I tried an architecture in keras to achieve the same. Please find the code here.
But the weights of the MLP are not being updated. I understand this is more straightforward in tensorflow where we can explicitly mention which parameters to update with the loss, but can anyone help me with keras API?
Upvotes: 1
Views: 1482
Reputation: 7210
Yes, we can. Simply pass the output as the initial hidden state
. Remember that an LSTM has two hidden states, h
and c
. You can read more about this here. Note that you also do not have to create multiple keras models, but can simple connect all the layers.:
# define mlp
mlp_inp = Input(batch_shape=(batch_size, hidden_state_dim))
mlp_dense = Dense(hidden_state_dim, activation='relu')(mlp_inp)
## Define LSTM model
lstm_inp = Input(batch_shape=(batch_size, seq_len, inp_size))

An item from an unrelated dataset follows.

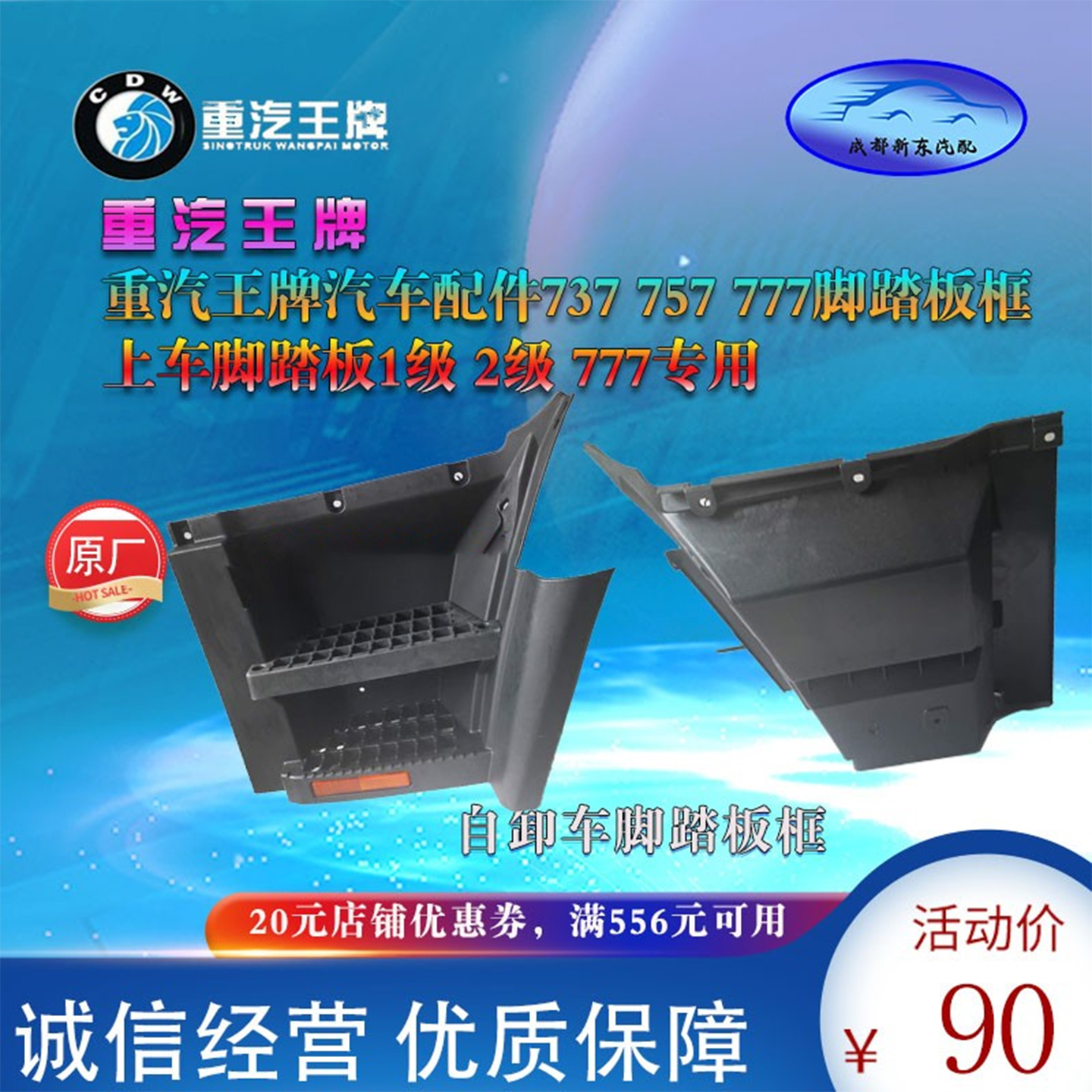 重汽王牌汽车配件777B脚踏板框上车脚踏板一级二级腾狮自卸双层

lstm_layer = LSTM(lstm_dim)(lstm_inp, initial_state=[mlp_dense,mlp_dense])
lstm_out = Dense(10,activation='softmax')(lstm_layer)
model = Model([mlp_inp, lstm_inp], lstm_out)
model.compile(optimizer="adam", loss="categorical_crossentropy", metrics= ['accuracy'])
However, because of the above fact about having two states, you may want to consider two MLP layers for each initial state separately.
# define mlp
mlp_inp = Input(batch_shape=(batch_size, hidden_state_dim))
mlp_dense_h = Dense(hidden_state_dim, activation='relu')(mlp_inp)
mlp_dense_c = Dense(hidden_state_dim, activation='relu')(mlp_inp)
## Define LSTM model
lstm_inp = Input(batch_shape=(batch_size, seq_len, inp_size))
lstm_layer = LSTM(lstm_dim)(lstm_inp, initial_state=[mlp_dense_h,mlp_dense_c])
lstm_out = Dense(10,activation='softmax')(lstm_layer)
model = Model([mlp_inp, lstm_inp], lstm_out)
model.compile(optimizer="adam", loss="categorical_crossentropy", metrics= ['accuracy'])
Also, note that when you go about saving this model, use save_weights
instead of save
because save_model
can not handle the initial state passing. Also, as a slight note.
Upvotes: 2